No pictures belong in the copy. Set down exactly the lines from the one that contains "wall decor 1930s" through the end of the data.

Pictures with short captions:
Start of Block

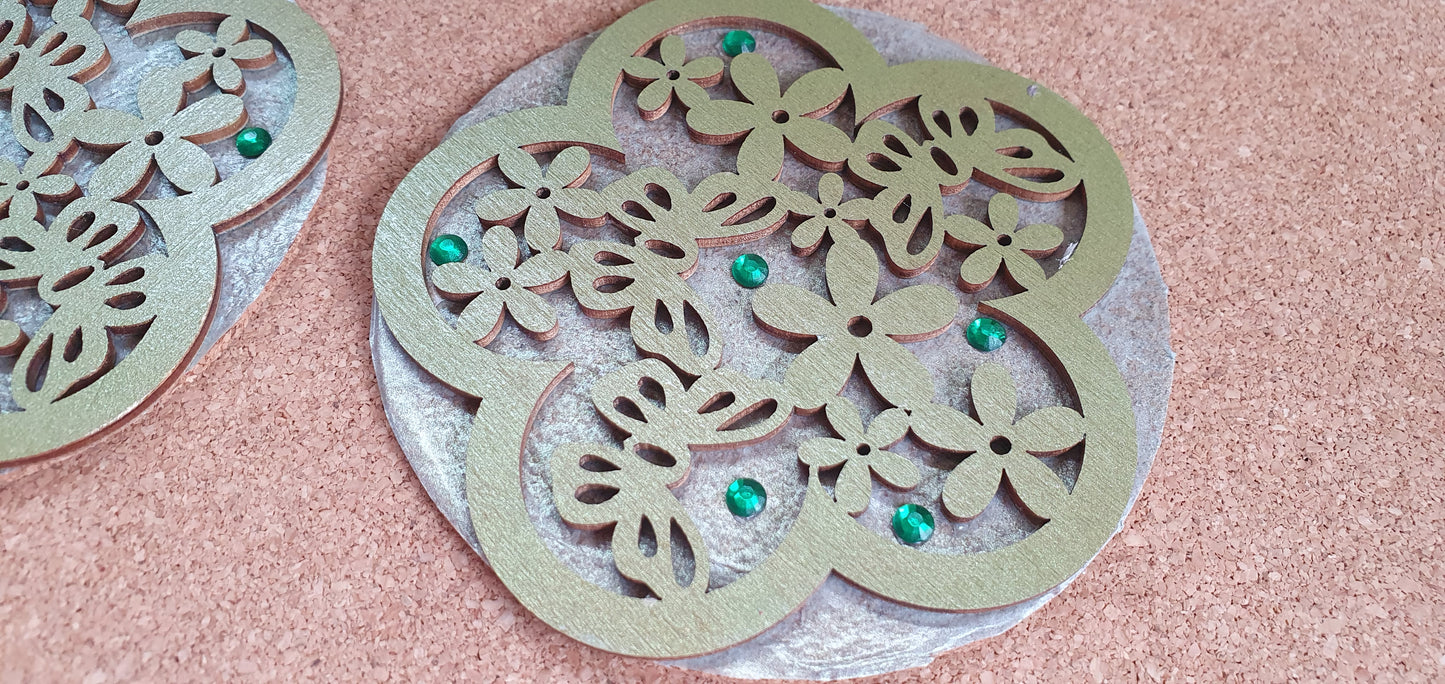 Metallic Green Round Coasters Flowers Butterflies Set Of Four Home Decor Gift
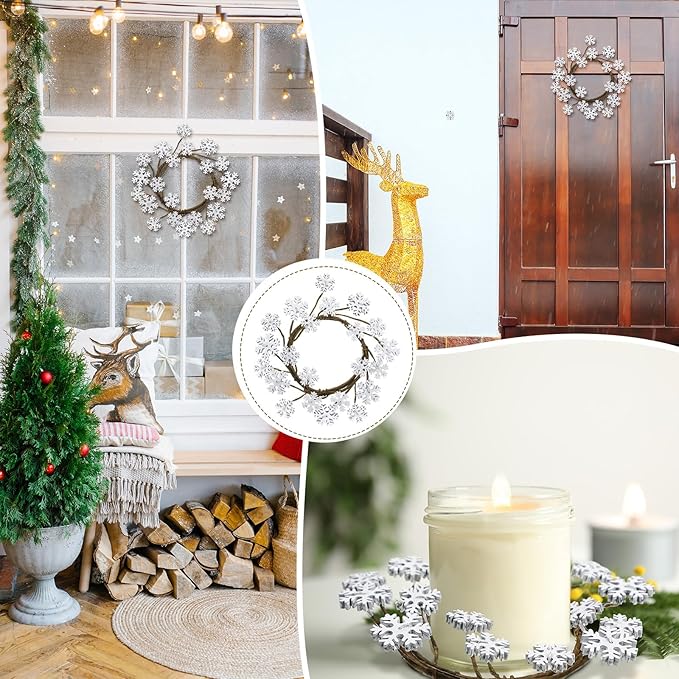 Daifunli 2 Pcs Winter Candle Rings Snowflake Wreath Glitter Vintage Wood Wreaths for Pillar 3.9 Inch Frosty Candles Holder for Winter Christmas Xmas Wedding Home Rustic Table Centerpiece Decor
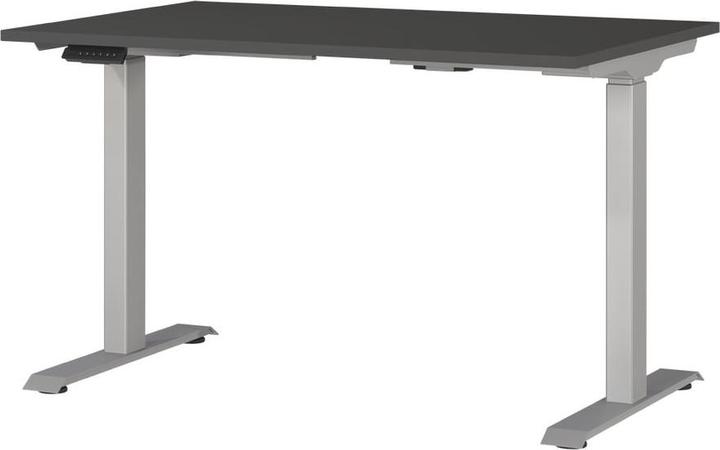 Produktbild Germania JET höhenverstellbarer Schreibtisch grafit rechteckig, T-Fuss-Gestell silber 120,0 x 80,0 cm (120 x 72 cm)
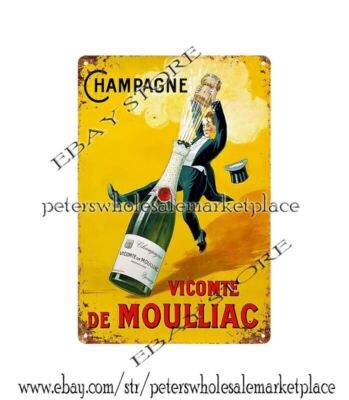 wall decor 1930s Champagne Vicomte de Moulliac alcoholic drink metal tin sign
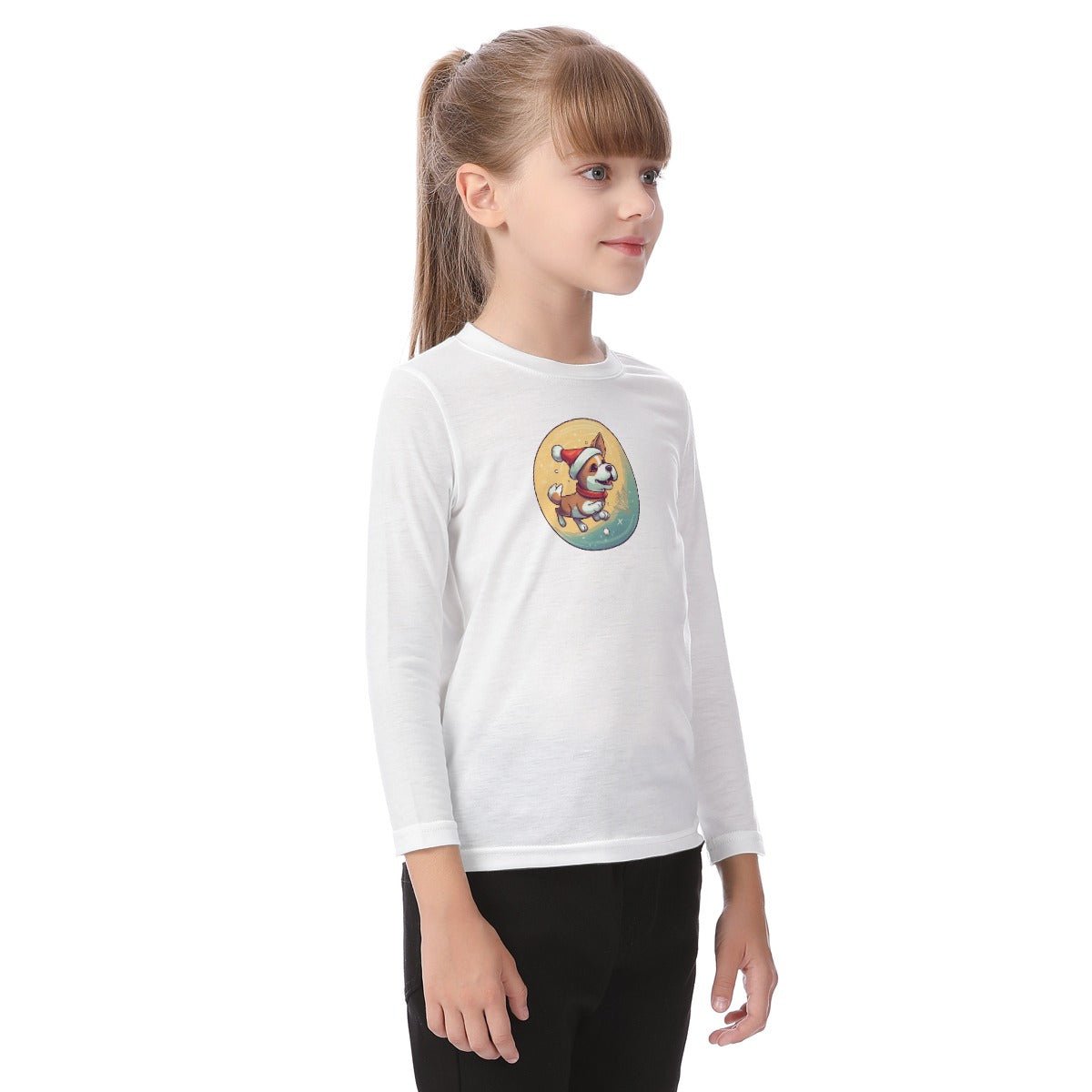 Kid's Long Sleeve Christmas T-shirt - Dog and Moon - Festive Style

End of Block

● **TASK OUTPUT**:
 wall decor 1930s Champagne Vicomte de Moulliac alcoholic drink metal tin sign
 Kid's Long Sleeve Christmas T-shirt - Dog and Moon - Festive Style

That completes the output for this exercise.